Of interest within these many differences and similarities, however, are the behavior of phase relationships within Beginner and Intermediate wind bands. The presence of an asymmetric entrainment relationship (Clayton, 2012), in which the conductor’s motion is the only time-bearing signal coordinated with, is assumed to an almost foundational level in ensembles of this type (Rudolf, 1980; Leinsdorf, 1982; Green and Gibson, 2004; Jordan et al., 2011). Interestingly, these two ensembles regularly make use of an audible metronome during rehearsal. Though they refrained during this study’s performance captures, the behavior of phase relationships in these ensembles reveal a wide absolute variance that centers around synchrony, moving between conductor-led and ensemble-led orientations both within and between captures. This behavior suggests the potential for another temporal signal within the performance, imposing an additional signal that performers are attempting to entrain to. Though it is speculative, this could be evidence of the aforementioned metronome engendering a form of self-entrainment on the part of individual musicians or the group as a whole (Phillips-Silver et al., 2010).

These findings are limited in several ways that bear discussion and consideration in the final interpretation of the results. The broad nature of the audio data analyzed (group onset) does not allow for the consideration of temporally consequential aspects of wind and string instrument performance, where the differences in frequency propagation and response time between woodwind, brass, string, and percussion instruments present a wide range of affordances to be considered in future investigations (Benade, 1969; Rossing, 2010). Additionally, the sample size of recruited ensembles (N = 6) coupled with the significance of the findings and size of effects between ensembles, experience levels, and chronological development demonstrates the need for further research in this area. In addition, intergroup differences could illustrate a conductor-effect, where an individual’s pedagogy and gesture interact with performers in a unique manner. The large effect size found in comparisons of offsets by conductor supports this potential and Alan Gilbert, former music director of the New York Philharmonic, further leavens this possibility in his statement that, “there is a connection between the gesture, the physical presence, the aura that a conductor can project, and what the musicians produce” (Gilbert, 2012).

For many outside of ensemble music, the complex and dynamic ecosystem inside these groups appears to be dominated and guided by the interaction of sound and the conductor’s baton. Great amounts of responsibility and power have been ascribed to the individual atop the podium, but an emerging body both of practice and research calls into question the singularity of this individual’s role in the coordination of the ensemble’s musical efforts. The conductor’s role as a source of entrainment continues to be clear, but the findings of this study offer support for the growing body of research indicating the influence of other time-bearing actors within the ensemble, even if only by describing the outlines of their effects.

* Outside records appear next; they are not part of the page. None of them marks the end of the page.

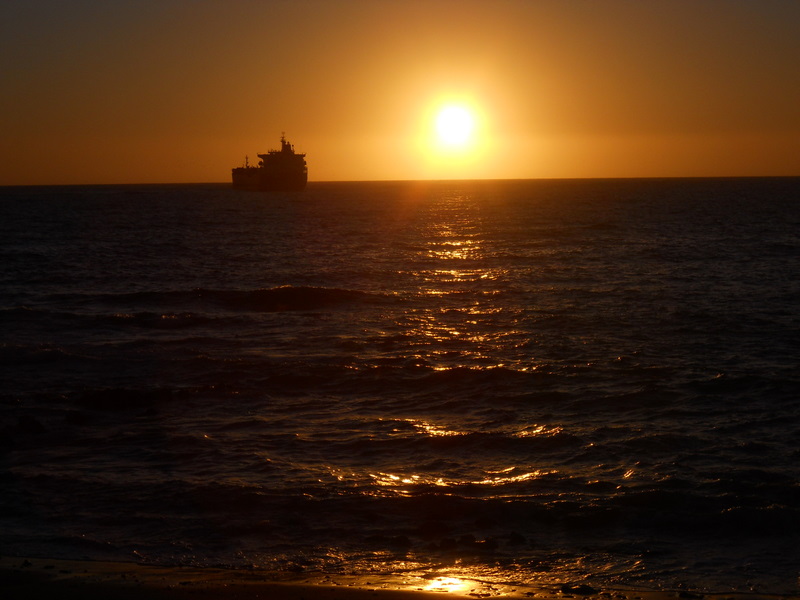 Foto: Antofagasta - Antofagasta, Chile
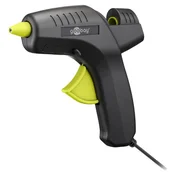 Goobay Hot Glue Gun Premium 80W 11mm pištola za vroče leplenje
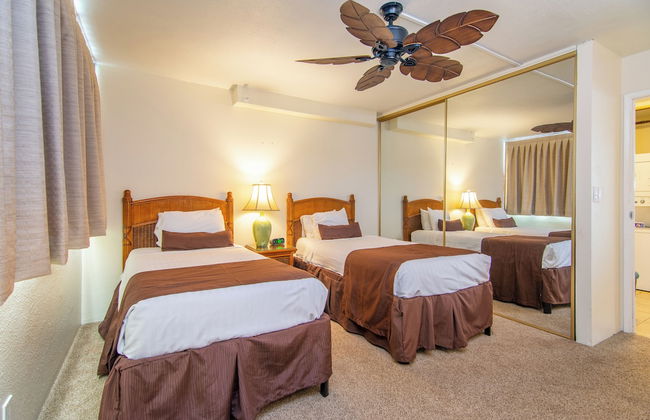 Royal Kahana Maui by OUTRIGGER - Foto 66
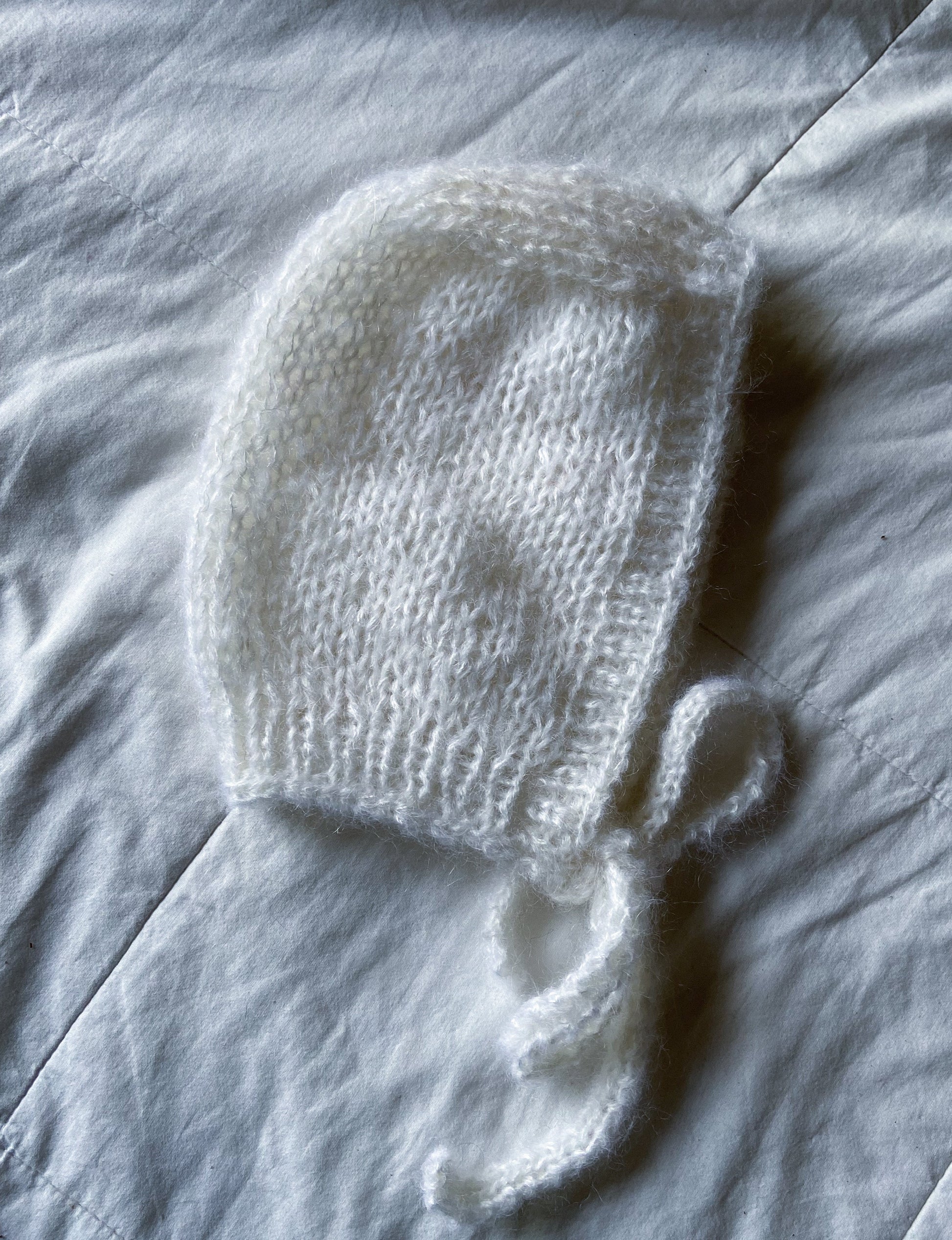 Clara Bonnet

The differences described here – between ensemble types, experience levels, and chronological growth – are present in all groups and time periods sampled, though to differing degrees. These differences – both in degree of lag and in its behavior revealed through relative phase and autocorrelation – present a fruitful avenue for future investigation where the mechanics of each ensemble’s instrumentation combine with both conductor-to-musician intra-ensemble and musician-to-musician inter-performer communication. An increase in our understanding of this dense web of entrainment and interaction that describe communication and coordination in ensembles will have numerous benefits to our understanding of group music performance and allow for the refinement of a comprehensive, nuanced, and accurate model of ensemble performance. This, in turn, has the potential to support both the performer and educator pedagogy and practice by allowing for a more granular and realistic understanding of the volume and tenor of activity across an network where they represent only one node but where their actions can have a global impact.

Data Availability Statement

The raw data supporting the conclusions of this article will be made available by the authors, without undue reservation.

Ethics Statement

The studies involving human participants were reviewed and approved by the Research, Integrity, and Oversight (RIO) Office University of Houston, Division of Research 1-713-743-9204 Written informed consent from the participants’ legal guardian/next of kin was not required to participate in this study in accordance with the National Legislation and the Institutional Requirements.

Author Contributions

The author confirms being the sole contributor of this work and has approved it for publication.


This paper was supported by the Eddie Green Endowment at the University of Houston.

Conflict of Interest

The author declares that the research was conducted in the absence of any commercial or financial relationships that could be construed as a potential conflict of interest.

Supplementary Material

The Supplementary Material for this article can be found online at:


  1. ^
  2. ^ Krippendorff’s Alpha, a test of inter-rater reliability, is utilized here for its robust reliability across multiple coders and the non-binary manner in which it deals with disagreement between (m) coders Krippendorff (2012). The data being evaluated (individual onsets, SD = 183 ms) combined with computationally generated factor weights and a conservative lower bound (α = 0.800) all contribute to its use in this investigation.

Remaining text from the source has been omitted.